Filed Pursuant to Rule 424(b)(3)
Registration No. 333-169533
COLE CREDIT PROPERTY TRUST IV, INC.
SUPPLEMENT NO. 22 DATED JANUARY 28, 2014
TO THE PROSPECTUS DATED MAY 1, 2013
This document supplements, and should be read in conjunction with, the prospectus of Cole Credit Property Trust IV, Inc. dated May 1, 2013 and Supplement No. 21 dated January 10, 2014, which superseded and replaced all previous supplements to the prospectus. Unless otherwise defined in this supplement, capitalized terms used in this supplement shall have the same meanings as set forth in the prospectus.
The purpose of this supplement is to describe the status of the offering of shares of Cole Credit Property Trust IV, Inc. and a revised policy regarding the acceptance of subscriptions in connection with the closing of the primary offering.

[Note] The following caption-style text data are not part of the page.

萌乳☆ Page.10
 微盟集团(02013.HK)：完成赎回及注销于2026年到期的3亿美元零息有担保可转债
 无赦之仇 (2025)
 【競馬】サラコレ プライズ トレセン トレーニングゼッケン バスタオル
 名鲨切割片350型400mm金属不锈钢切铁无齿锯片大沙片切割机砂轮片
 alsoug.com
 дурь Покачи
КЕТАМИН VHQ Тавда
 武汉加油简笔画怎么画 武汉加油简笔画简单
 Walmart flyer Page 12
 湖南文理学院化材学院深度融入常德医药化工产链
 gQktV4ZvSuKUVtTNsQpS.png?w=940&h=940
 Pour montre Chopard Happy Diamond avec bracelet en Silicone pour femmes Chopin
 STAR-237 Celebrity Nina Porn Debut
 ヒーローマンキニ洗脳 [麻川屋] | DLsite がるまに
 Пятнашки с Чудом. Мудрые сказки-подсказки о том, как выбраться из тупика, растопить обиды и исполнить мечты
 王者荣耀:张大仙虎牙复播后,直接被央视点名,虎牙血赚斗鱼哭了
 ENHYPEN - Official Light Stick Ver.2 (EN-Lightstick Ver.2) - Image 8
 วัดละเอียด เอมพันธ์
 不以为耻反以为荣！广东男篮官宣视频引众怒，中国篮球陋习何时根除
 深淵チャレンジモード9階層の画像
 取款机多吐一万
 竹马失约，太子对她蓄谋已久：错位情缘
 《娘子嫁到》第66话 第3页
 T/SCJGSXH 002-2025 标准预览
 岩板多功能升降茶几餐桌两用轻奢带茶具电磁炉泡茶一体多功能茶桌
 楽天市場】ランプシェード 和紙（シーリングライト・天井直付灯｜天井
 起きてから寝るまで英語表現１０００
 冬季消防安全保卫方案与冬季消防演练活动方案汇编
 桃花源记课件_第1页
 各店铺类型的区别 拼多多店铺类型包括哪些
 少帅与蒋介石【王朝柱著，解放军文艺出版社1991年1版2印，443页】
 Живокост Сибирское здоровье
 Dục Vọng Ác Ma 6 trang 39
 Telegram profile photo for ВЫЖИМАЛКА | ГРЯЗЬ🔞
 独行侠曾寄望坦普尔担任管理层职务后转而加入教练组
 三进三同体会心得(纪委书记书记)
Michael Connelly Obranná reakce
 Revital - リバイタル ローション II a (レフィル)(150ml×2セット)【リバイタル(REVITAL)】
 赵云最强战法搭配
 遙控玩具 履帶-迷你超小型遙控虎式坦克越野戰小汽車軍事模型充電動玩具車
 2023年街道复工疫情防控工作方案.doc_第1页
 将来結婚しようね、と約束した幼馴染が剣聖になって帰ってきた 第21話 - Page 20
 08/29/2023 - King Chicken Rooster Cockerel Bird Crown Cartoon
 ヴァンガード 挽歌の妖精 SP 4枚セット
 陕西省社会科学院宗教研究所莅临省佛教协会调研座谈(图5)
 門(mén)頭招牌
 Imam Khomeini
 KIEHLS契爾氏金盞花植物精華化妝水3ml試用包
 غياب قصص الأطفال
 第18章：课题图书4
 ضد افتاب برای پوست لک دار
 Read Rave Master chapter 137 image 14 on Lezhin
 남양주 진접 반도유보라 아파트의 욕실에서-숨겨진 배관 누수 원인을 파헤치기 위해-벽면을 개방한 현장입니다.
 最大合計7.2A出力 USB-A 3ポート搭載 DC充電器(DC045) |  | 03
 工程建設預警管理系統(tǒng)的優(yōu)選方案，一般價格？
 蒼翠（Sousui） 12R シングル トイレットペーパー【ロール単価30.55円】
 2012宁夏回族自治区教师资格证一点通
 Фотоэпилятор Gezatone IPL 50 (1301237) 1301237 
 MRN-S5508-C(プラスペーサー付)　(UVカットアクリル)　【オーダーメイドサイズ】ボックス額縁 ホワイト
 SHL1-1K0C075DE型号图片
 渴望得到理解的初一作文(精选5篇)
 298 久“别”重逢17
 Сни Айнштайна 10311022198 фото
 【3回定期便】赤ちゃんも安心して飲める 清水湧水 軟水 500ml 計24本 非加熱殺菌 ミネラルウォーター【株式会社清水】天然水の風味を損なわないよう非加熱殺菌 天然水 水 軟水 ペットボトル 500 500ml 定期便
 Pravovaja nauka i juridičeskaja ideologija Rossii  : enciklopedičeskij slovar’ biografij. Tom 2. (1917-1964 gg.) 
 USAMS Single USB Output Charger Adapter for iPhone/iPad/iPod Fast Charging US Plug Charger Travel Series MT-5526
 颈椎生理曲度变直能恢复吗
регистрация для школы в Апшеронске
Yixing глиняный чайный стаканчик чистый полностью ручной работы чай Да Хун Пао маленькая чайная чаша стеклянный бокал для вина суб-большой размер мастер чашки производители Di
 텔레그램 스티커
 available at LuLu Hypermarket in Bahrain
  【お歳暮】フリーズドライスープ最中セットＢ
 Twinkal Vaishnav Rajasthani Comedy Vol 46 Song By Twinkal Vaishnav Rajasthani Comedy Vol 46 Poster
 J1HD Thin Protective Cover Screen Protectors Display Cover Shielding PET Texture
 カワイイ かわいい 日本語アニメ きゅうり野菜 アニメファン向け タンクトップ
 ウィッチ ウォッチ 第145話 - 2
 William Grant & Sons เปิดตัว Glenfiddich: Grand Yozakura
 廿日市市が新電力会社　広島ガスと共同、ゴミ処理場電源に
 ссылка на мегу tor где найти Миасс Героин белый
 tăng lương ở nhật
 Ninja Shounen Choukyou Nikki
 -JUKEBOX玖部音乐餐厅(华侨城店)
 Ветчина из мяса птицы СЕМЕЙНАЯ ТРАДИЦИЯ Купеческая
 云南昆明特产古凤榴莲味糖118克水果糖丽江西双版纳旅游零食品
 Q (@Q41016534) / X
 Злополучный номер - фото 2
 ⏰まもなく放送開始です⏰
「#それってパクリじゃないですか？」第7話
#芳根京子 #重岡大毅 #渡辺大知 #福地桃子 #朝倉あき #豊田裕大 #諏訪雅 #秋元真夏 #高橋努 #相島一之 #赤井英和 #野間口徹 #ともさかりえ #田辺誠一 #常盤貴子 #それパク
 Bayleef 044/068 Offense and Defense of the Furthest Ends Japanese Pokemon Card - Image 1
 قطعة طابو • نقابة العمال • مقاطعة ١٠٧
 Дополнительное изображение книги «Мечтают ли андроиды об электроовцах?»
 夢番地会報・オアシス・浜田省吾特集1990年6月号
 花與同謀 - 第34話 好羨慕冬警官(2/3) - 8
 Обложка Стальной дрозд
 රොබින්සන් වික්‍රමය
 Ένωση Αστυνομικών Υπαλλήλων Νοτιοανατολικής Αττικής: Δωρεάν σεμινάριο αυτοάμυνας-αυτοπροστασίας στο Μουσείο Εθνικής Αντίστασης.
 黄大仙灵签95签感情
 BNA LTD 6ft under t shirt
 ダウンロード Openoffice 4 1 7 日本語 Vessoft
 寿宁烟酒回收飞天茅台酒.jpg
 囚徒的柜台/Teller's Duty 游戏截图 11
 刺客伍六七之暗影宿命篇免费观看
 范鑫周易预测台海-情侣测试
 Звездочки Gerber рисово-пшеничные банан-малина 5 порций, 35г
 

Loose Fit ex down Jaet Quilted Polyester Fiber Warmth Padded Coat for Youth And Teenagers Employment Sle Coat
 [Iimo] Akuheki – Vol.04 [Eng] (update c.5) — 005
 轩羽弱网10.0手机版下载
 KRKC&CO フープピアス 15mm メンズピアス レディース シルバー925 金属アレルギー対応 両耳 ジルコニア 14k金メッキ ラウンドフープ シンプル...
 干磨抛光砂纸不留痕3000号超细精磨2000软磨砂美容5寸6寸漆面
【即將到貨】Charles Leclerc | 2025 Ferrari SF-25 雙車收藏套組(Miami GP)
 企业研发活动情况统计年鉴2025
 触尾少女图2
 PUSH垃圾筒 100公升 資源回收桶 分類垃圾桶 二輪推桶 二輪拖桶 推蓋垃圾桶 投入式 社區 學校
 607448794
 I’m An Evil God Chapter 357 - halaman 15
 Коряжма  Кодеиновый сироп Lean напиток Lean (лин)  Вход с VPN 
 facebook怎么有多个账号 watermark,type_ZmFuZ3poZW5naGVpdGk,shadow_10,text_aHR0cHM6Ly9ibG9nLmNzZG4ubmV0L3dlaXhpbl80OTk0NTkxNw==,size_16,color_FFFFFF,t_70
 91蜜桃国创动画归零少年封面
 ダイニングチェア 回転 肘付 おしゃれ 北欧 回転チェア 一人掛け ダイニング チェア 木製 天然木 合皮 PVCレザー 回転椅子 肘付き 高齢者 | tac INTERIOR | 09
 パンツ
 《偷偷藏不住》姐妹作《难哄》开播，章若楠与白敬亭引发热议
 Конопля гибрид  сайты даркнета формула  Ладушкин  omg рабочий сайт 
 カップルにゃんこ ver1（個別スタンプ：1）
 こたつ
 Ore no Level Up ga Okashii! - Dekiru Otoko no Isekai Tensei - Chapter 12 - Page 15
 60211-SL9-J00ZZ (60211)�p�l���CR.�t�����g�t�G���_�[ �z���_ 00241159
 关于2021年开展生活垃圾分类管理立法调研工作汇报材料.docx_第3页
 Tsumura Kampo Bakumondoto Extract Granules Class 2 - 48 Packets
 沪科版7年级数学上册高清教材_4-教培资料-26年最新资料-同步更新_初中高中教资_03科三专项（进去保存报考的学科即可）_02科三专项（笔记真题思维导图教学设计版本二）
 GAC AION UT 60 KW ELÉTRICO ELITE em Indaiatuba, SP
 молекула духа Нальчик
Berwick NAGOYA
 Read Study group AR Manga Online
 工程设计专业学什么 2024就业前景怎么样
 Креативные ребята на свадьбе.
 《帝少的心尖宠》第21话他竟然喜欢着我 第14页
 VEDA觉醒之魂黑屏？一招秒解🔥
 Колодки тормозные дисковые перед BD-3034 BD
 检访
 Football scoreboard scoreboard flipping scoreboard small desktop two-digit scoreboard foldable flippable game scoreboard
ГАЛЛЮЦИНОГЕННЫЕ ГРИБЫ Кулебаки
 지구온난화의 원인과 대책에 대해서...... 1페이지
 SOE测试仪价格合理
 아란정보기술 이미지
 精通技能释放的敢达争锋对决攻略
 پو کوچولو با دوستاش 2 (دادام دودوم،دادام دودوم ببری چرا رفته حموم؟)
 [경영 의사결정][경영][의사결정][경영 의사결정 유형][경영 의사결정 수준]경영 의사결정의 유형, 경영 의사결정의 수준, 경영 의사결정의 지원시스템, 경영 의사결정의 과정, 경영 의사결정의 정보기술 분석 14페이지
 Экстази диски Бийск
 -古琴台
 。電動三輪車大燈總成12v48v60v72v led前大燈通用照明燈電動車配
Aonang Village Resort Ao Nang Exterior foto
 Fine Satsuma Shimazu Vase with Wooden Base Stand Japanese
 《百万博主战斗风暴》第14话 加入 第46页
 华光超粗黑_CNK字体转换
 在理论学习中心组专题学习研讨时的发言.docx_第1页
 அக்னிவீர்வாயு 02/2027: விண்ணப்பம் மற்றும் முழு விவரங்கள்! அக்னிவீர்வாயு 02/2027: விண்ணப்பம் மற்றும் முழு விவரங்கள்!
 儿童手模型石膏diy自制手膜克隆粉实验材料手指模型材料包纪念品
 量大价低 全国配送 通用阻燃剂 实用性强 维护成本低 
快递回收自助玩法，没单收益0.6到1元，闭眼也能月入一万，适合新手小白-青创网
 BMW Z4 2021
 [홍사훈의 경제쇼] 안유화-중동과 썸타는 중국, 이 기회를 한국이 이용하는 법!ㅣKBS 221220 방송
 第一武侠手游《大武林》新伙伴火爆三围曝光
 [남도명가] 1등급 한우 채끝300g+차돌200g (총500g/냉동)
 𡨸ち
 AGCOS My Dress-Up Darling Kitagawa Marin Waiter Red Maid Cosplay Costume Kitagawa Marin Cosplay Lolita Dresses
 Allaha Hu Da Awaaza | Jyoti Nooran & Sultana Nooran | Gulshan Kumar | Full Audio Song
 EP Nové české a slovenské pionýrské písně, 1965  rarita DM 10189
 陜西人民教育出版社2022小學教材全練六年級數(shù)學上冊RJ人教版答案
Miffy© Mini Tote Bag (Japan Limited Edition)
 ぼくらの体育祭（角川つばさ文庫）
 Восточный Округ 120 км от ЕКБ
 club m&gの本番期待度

Status of Our Public Offering and Revised Policy Regarding Acceptance of Subscriptions
The registration statement for our initial public offering of $2,975,000,000 in shares of common stock was declared effective by the Securities and Exchange Commission on January 26, 2012. We are offering up to 290,000,000 shares in a primary offering and up to approximately 7,894,736 shares pursuant to our distribution reinvestment plan. As of January 27, 2014, we had accepted investors’ subscriptions for, and issued, a total of approximately 234.0 million shares of our common stock in our offering, resulting in gross proceeds to us of approximately $2.3 billion, consisting of approximately 230.5 million shares of our common stock in our primary offering, resulting in gross proceeds to us of approximately $2.3 billion, and approximately 3.5 million shares of our common stock pursuant to our distribution reinvestment plan, resulting in gross proceeds to us of approximately $33.7 million.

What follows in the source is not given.